Do you cook? I can cook a little, and I watch TV food shows a lot, and one thing that I’ve learned about cooking is the mix of ingredients in a recipe matters a lot. Too much of one ingredient, or not enough of another, can ruin a recipe and make it inedible.

The same is true in your business.

cooking up a profitable business mix

Here’s how I see it: The ingredients in your business recipe are the types of work you do. (e.g., design build, maintenance, sprinkler, lawncare, snow plowing if you’re a landscape contractor and types of customers (e.g. high-end residential, small commercial, large commercial, GC’s, HOA’s, etc.) you work with. And just like in cooking, each ingredient has its own specific characteristics and adds its own special flavor to your business.

For painting contractors for example, exterior repaint is subject to the weather, and interior repaint which is not.

Or think about the difference between working with GC’s on new commercial jobs and working with residential customers. GCs often have you jumping through hoops to respond to the GC’s changing schedule and then waiting to get paid. Comparatively, with residential customers you have more control over the schedule and get paid relatively quickly.

The Recipe for a More Profitable Business

Like cooking, if you mix your ingredients well you get a great business dish. Mix them poorly and you get a business dish that’s almost unpalatable and might even give you an upset, queasy stomach!

Yet, despite its importance, most owners don’t actively manage the mix of ingredients in their business recipe.

Do you? If you don’t, you really should!

Many of my clients have made amazing strides in their businesses by tweaking the mix of ingredients in their business recipe.

One, for example, stopped working with GC’s who couldn’t stick to a schedule and wouldn’t pay on time. They also cut back on exterior work because of its dependence on the weather and the chaos that it created in his schedule. He added a pinch more interior work as well as a lot more cabinet painting, much of which he could spray in his own shop. His new recipe resulted in a smoother running, more profitable business and a lot less heartburn!

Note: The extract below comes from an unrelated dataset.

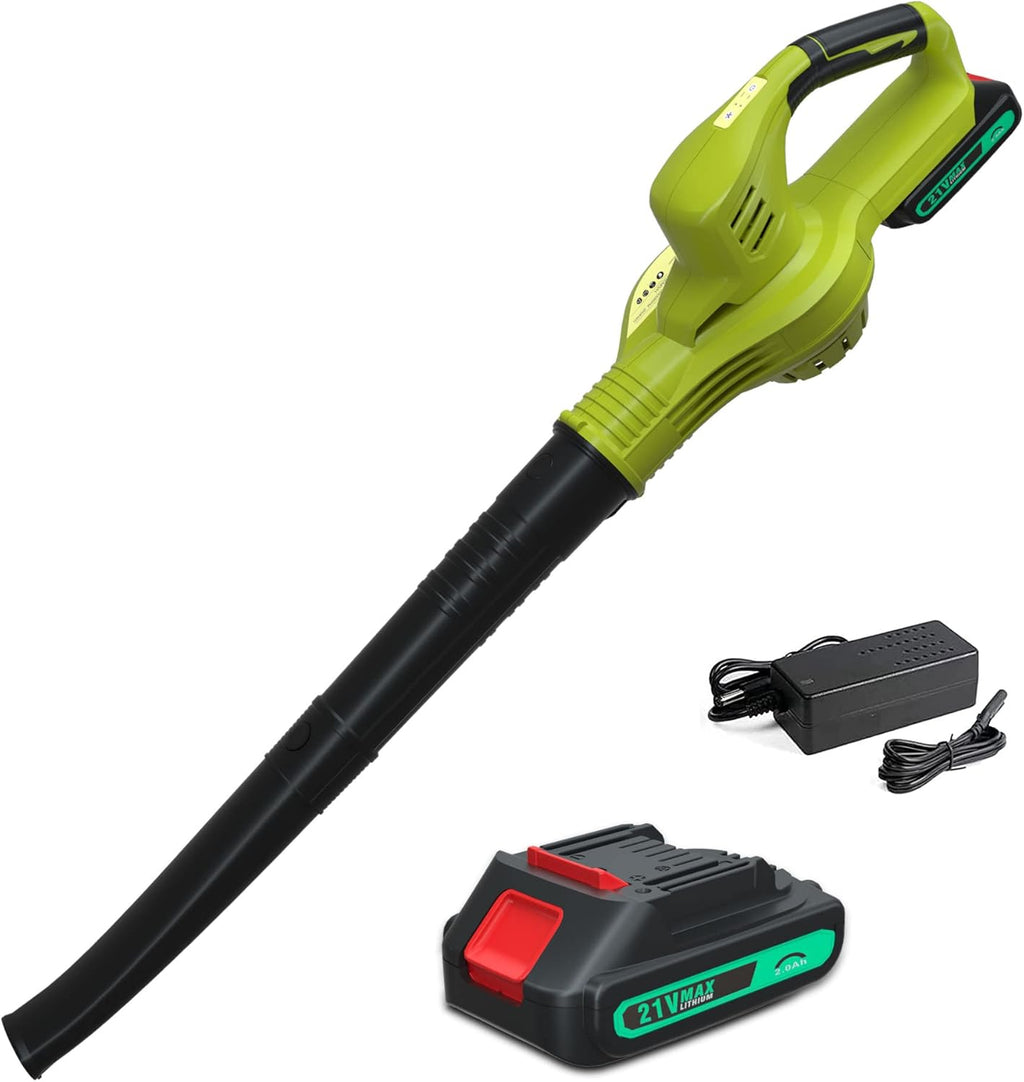 Cordless Handheld Leaf Blower with 2.0Ah Battery and Charger, 2 Speeds, 2 Adjustable Tubes, Dark Green, Pack of 2 L3105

How to Mix Up a Better Business

Are you ready to change the mix of ingredients in your business and create a tastier business? Here’s the recipe:

  1. Determine your current business mix.
    Get your P&L for the last 12 months and break down your revenue by type of work and customer type. Then, calculate the percentage of business you currently get from each.
  2. Define the impact each type of work and customer have.
    Determine the pluses and minuses for your business for each type of work and customer type in terms of: profitability, headaches, and problems the work or customer type causes, available labor pool to do the work, your ability to get customers, cash flow impact, etc.
  3. Decide on an ideal business mix.
    Now comes the fun part where you get to play chef and adjust the ingredients in your business recipe to create the smoother running, profitably growing business you really want. To do this, simply decide on the percentage of revenue you want from each type of work or customer which leads to an awesome business dish. Don’t over think this, because you can tweak your mix later to improve your recipe.
  4. Develop a transition action plan
    Next, you need to create an action plan to change your business mix. Determine what you’ll need to do to make this transition happen. Do you need to stop working with some GC’s? Fire some customers? Change your marketing to attract more ideal customers? Update your website to highlight the type of work you really want to do? Hire more people who are skilled at a certain type of work?
    Map out the steps and put them on a timeline along with who is responsible for executing each step. If you’re making big shifts in your mix you may need to phase in these changes over two or more years so that you don’t disrupt your business completely.
  5. Implement and follow through
    Follow through is critical! It’s one of the biggest problems that I see with owners. Be relentless in your follow through. Track and evaluate your progress, hold yourself and your team accountable and tweak and adjust your recipe as you move forward and you will change the mix.
  6. Enjoy!
    If you follow the wisdom of the TV food shows and tweak the mix of ingredients in your business recipe, you’ll transform your company into the business equivalent of a culinary delight.

Bon Appetit!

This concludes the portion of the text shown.